START Data for processing

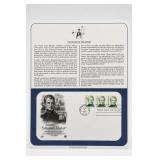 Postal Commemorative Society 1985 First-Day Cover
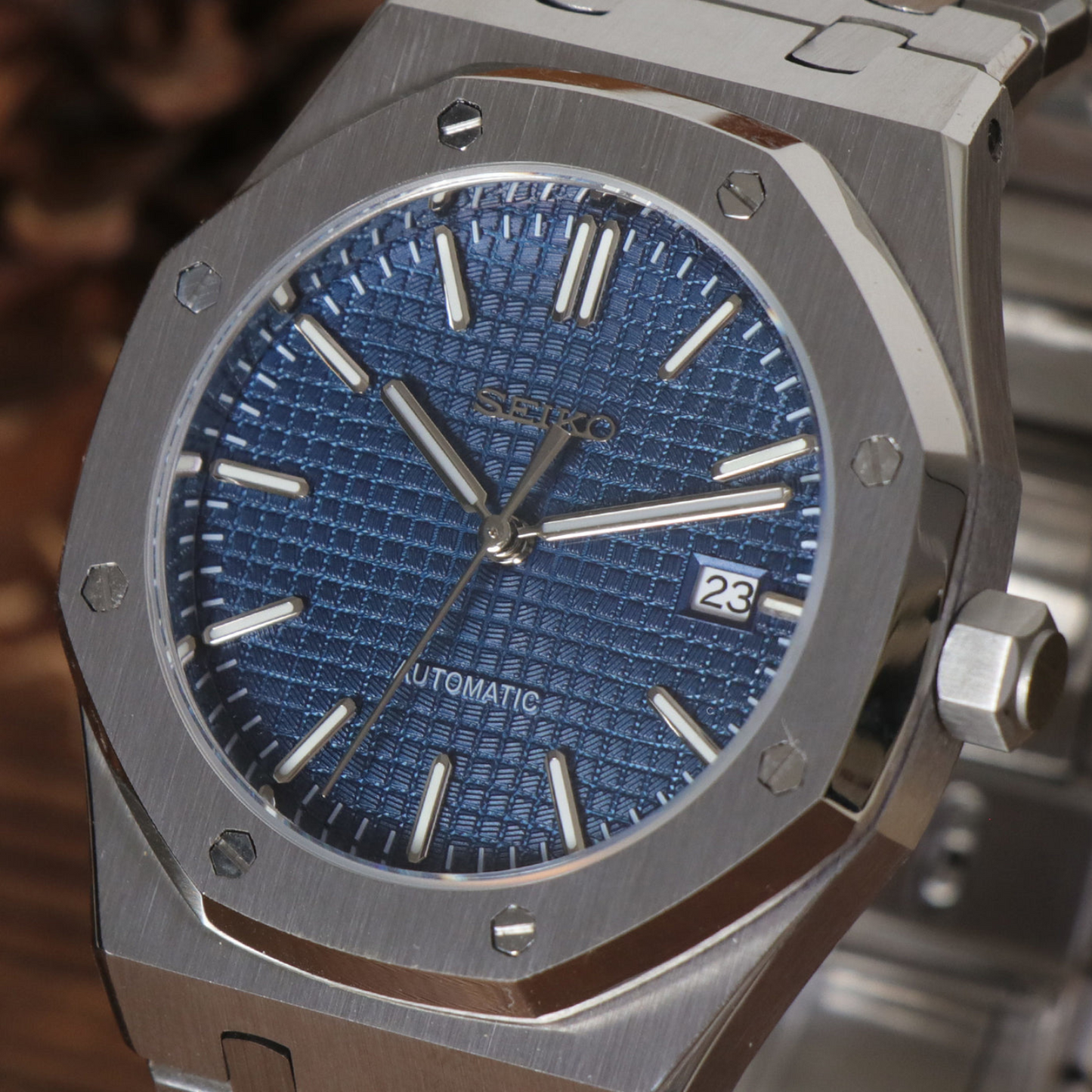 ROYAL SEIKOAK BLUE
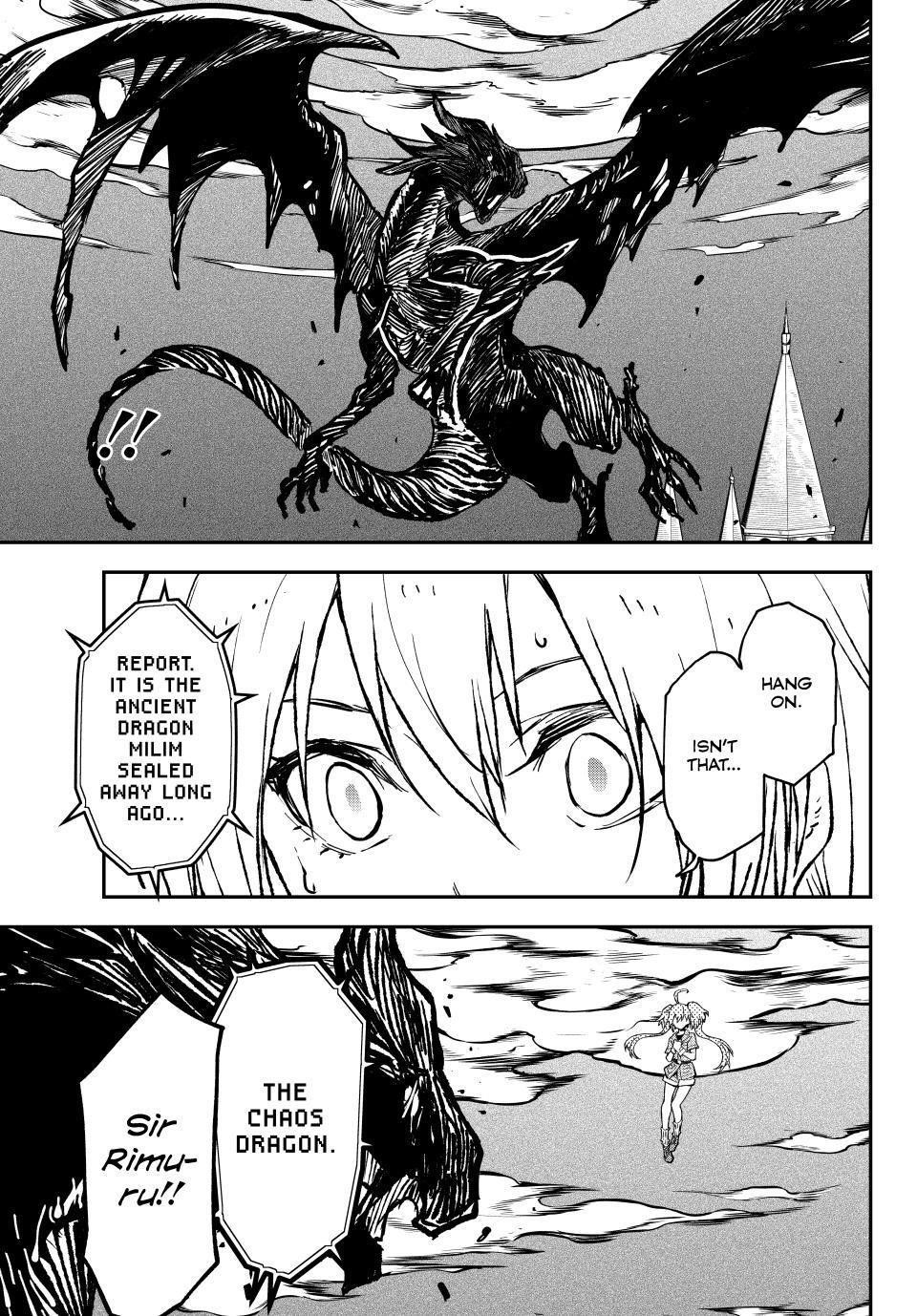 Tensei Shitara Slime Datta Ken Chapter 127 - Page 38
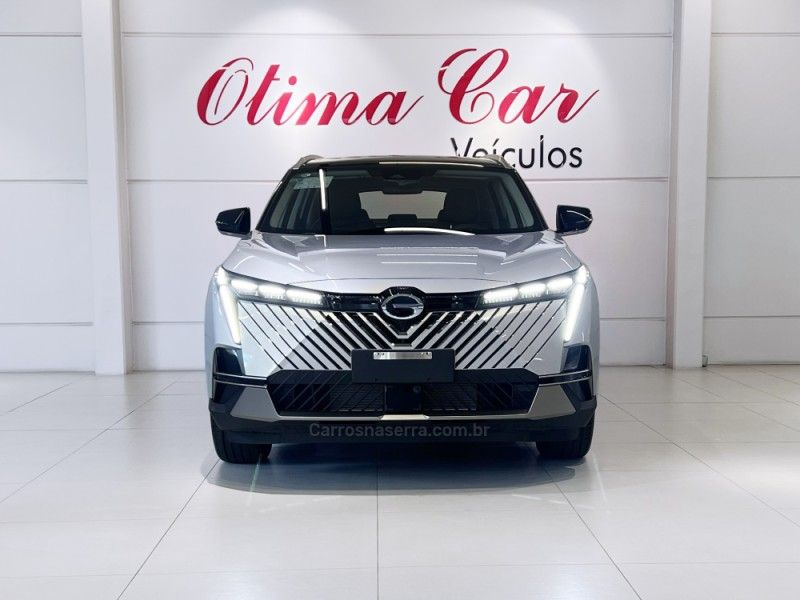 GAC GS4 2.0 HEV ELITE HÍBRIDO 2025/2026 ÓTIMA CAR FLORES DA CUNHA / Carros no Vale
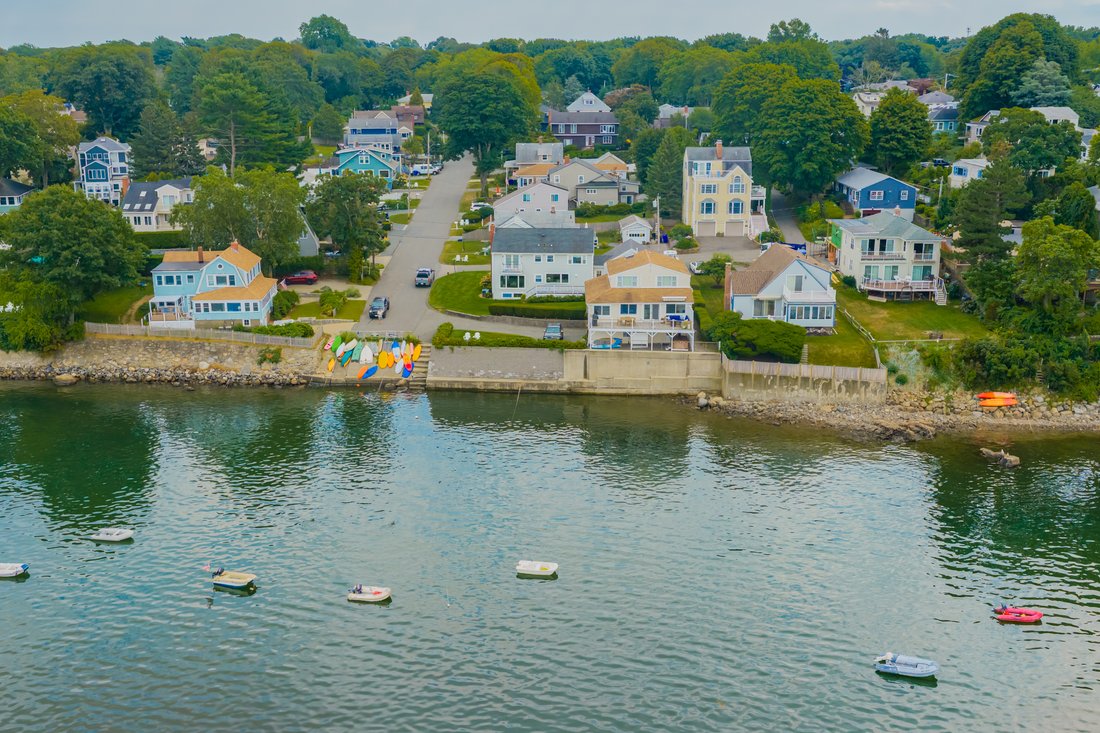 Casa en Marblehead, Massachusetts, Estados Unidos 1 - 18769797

END Data for processing

◆ **Your assignment**
Write out, exactly as they stand, the line with "GAC GS4 2.0" and every line after it through the end of the entries above; omit the pictures.

◆ **Solution to the exercise**
 GAC GS4 2.0 HEV ELITE HÍBRIDO 2025/2026 ÓTIMA CAR FLORES DA CUNHA / Carros no Vale
 Casa en Marblehead, Massachusetts, Estados Unidos 1 - 18769797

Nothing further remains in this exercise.